The Lord of the Rings


----------



## DotCommunist (Mar 17, 2010)

DVDA special: Our Mutual End


----------



## Louis MacNeice (Mar 17, 2010)

Toss off the d'Urbevilles


----------



## mrs quoad (Mar 17, 2010)

I Rimmed a Bird in 80 Ways


----------



## Dillinger4 (Mar 17, 2010)

War & Piece.


----------



## stupid dogbot (Mar 17, 2010)

Websters English Dicktionary


----------



## cliche guevara (Mar 17, 2010)

A friend lent this to me once.
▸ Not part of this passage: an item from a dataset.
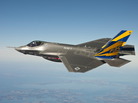 In this image released by the U.S. Navy the U.S. Navy variant of the F-35 Joint Strike Fighter, the F-35C, conducts a test flight over the Chesapeake Bay. In this image released by the U.S. Navy the U.S. Navy variant of the F-35 Joint Strike Fighter, the F-35C, conducts a test flight over the Chesapeake Bay.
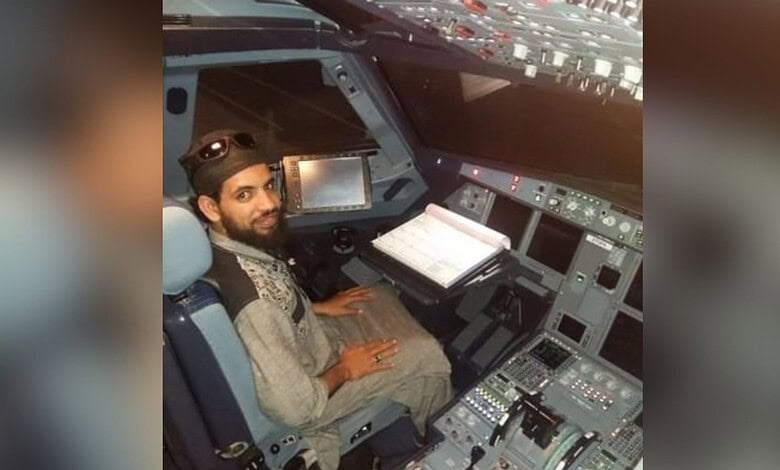 A man sitting in an aircraft cockpit, operating controls and instruments, with a focused expression.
Not only did I not read it, he is also no longer my friend.


----------



## mrs quoad (Mar 17, 2010)

Dillinger4 said:


> War & Piece.



Or the Cilla Black version: 'Worra Piece'


----------



## Dillinger4 (Mar 17, 2010)

stupid dogbot said:


> Websters English Dicktionary



hurhur _dick_tionary


----------



## Santino (Mar 17, 2010)

jer said:


> A Tale of Two Titties



A Tale of Two Cities, One Cup


----------



## krtek a houby (Mar 17, 2010)

As I Die Laying


----------



## DotCommunist (Mar 17, 2010)

Louis MacNeice said:


> Toss off the d'Urbevilles



Fucks sake I just spent five minutes trying to think of a tess one.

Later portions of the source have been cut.